For weeks now, Sen. Ron Johnson (R-WI) has been claiming that the coronavirus relief bill currently before the Senate isn’t necessary and even trying to delay passage of the legislation by demanding that the bill be read in its entirety on the floor of the upper chamber, which took over 10 full hours, during which time nearly 900 more Americans died of COVID-19.
That’s the bad news, but there’s also some very good news regarding Sen. Johnson, who is making it clear he likely won’t be running for reelection next year, according to the Madison State Journal:
Good news! But as with most things Republicans utter, Johnson then appeared to say exactly the opposite:
“I think that pledge was based on the assumption we wouldn’t have Democrats in total control of government and we’re seeing what I would consider the devastating and harmful effects of Democrats total control just ramming things through.”
But even if Johnson does run for a third term, he won’t have an easy road, as Democrats can sense his weakness and are lining up to challenge him in next year’s election.

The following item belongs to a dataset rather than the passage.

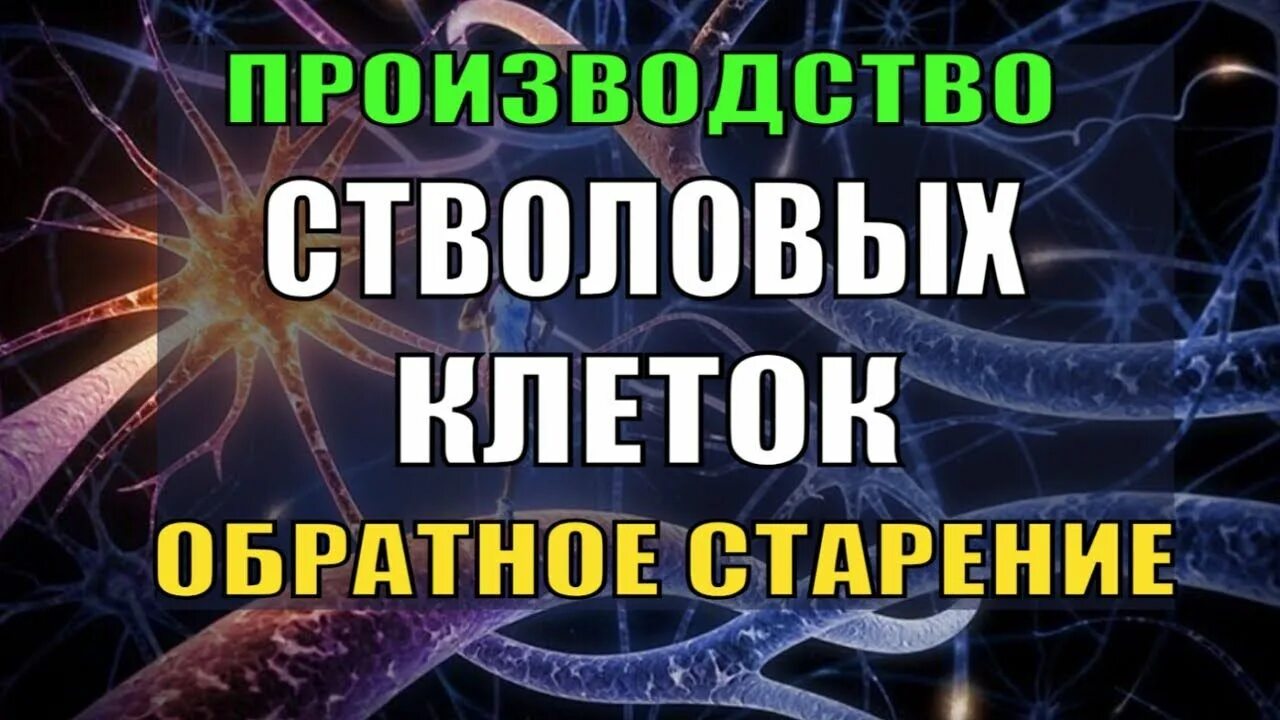 Гаряев матрица оздоровления и омоложения. Квантовое омоложение. квантовое омоложение. создание стволовых клеток. клеточное исцеление. регенерация клеток квантовое исцеление звуковая матрица.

So far, three have announced they will seat to unseat Johnson, with at least others considering the possibility of entering the race.
Johnson also told the State Journal that he thinks it might have to raise too much money in order to remain in the Senate:
“In the last couple cycles, some of these U.S. Senate seats have cost a hundred million dollars. That is grotesque, it is absurd. It is money primarily all wasted.”
President Joe Biden narrowly won the Badger State in last year’s presidential election, and would love to see Johnson either retire or get beaten. If Senate Democrats can add a few seats next year, it would help make the second half of Biden’s presidency much more productive and all but guarantee that legislation such as a $15 minimum wage, voting rights, and equal rights for the American LGBT community becomes law.
Ron Johnson is a massive hemorrhoid on the Senate. He needs to be removed and replaced by someone who will actually listen to the will of the voters.